¿Por qué los niños no leen?

(artículo publicado en Tribuna de Ávila) 

Esta semana he tenido una conversación muy reveladora con mi princesa mayor. La pobre estaba preocupada porque no iba a poder terminar un libro a tiempo para una presentación que tenía que hacer en el cole. Su cara de agobio por la situación lo decía todo. Mi primera reacción, instintiva, fue la de infundir tranquilidad y darle ánimos para que consiguiera su objetivo. Sin embargo, minutos después, volví a hablar con ella para que se preguntara cuál es el verdadero objetivo de esa tarea que le habían encargado: “de nada te sirve leer y leer durante días, si no disfrutas con la historia que te cuenta el libro”.

Disfrutar leyendo. Es un reto difícil a día de hoy para los más pequeños. Ellos están acostumbrados a un tipo de ocio completamente distinto, protagonizado por pantallas y estímulos visuales que desconectan el cerebro. La lectura se ha desterrado de su tiempo libre, convirtiéndose en una tarea escolar más, pues lo asocian con el esfuerzo académico en vez de con el disfrute y la distracción. Los estudios aparecidos en los últimos días corroboran estos datos, y no solo para los niños: el 37,8% de los españoles no ha leído un libro en el último año. Sorprendente.

Quienes reniegan de los libros, quizá por desidia o aburrimiento, no son conscientes de todos los beneficios que se dejan por el camino. Merece la pena “perder el tiempo” con los niños leyéndoles y contándoles historias, porque los efectos pueden ser muy positivos. Leer ayuda a que los niños estimulen su imaginación y su creatividad, hace que sientan más interés por las cosas que les rodean y, por tanto, aumenta su cultura. Fomentar la lectura conseguirá que nuestro hijo mejore su rendimiento en el colegio y aprenda a expresar con mayor exactitud lo que piensa y lo que siente, mientras desarrolla su memoria y su concentración. Ni qué decir tiene que la lectura es básica para mejorar y enriquecer el vocabulario, así como permite desarrollar una buena agilidad mental. Y nos hace disfrutar, ¡y mucho! ¿Que un videojuego es más entretenido? Quizá lo sea en los primeros instantes, pero ¿realmente llega a enganchar tanto como una buena historia, de esas que no puedes dejar de leer capítulo tras capítulo?
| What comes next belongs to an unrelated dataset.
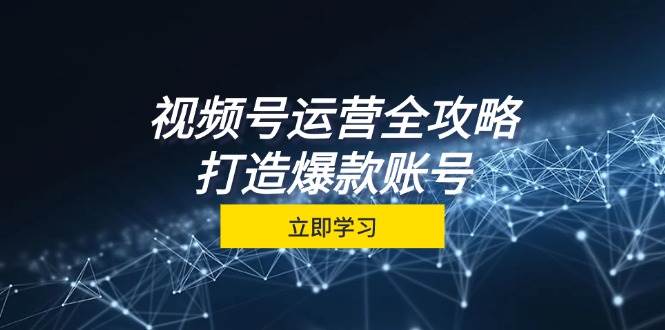 视频号运营全攻略，从定位到成交一站式学习，视频号核心秘诀，打造爆款账号-问小徐资源库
Entonces, ¿por qué los niños no leen, o sólo se limitan a lo que les mandan en el colegio por obligación? Quizá la respuesta la encontremos más cerca de lo que imaginamos. Recuerda que los niños aprenden por imitación. Piensa por un instante en tus propios hábitos como padre: ¿hay libros en tu casa?, ¿sueles leer delante de tu hijo?, ¿o más bien pasas tu tiempo libre enganchado al móvil o la tablet? Para ellos eres un referente, por lo que realizarán las mismas acciones que tú hagas al considerarlas como adecuadas.

Si lo que queremos es corregir esos hábitos, empecemos por leer unas cuantas páginas antes de acostarse. Con el libro que el niño elija, adecuado para su edad. No importa que a ti te parezca absurda la historia: lo importante es que le guste a él, que disfrute, que le enganche. Y, si además está acompañado, mucho mejor. Mi princesa mayor lo hace desde pequeñita con su padre, cada noche, y puedo asegurar que es un momento muy especial el que comparten entre los dos. En ese momento de relación, es el padre (o la madre) quien se encarga de maravillar a su hijo con el libro y de descubrirle el mundo sorprendente que guarda entre sus páginas. Esos momentos de lectura son muy gratificantes, porque, además, están envueltos en afectividad.

Es bueno empezar desde pequeñitos, para que desarrollen el gusto por la lectura como algo habitual. Con la princesa pequeña empezamos hace tiempo y, como no sabe leer, soy yo misma quien le cuenta un cuento. Y compruebo feliz cómo ha convertido en uno de sus juegos favoritos el sentarse frente a sus muñecos, libro en mano, para contarles ella misma el cuento (por supuesto, inventando todo sobre la marcha). Con esto no quiero decir que mis hijas prefieran los libros a las pantallas, ¡ni mucho menos!, pues, como buenas ‘milenials’ que son, nada les gusta más que “pelearse” con Mario y Luigi en la WII. Pero saben que eso tiene su tiempo, igual que la lectura tiene el suyo. Normalizando lo que no debería de haber dejado nunca de ser normal.

Así pues, queridos padres, tenemos una importante y preciosa tarea por delante. Como hacemos en otras facetas de la vida, ayudemos a nuestros hijos a adquirir el hábito de la lectura, enseñémosles a descubrir cómo saborear un buen libro, que no lo vean como una simple obligación. Solamente la lectura como placer acabará produciendo beneficios. ¿El mejor de todos? La satisfacción y el disfrute personal.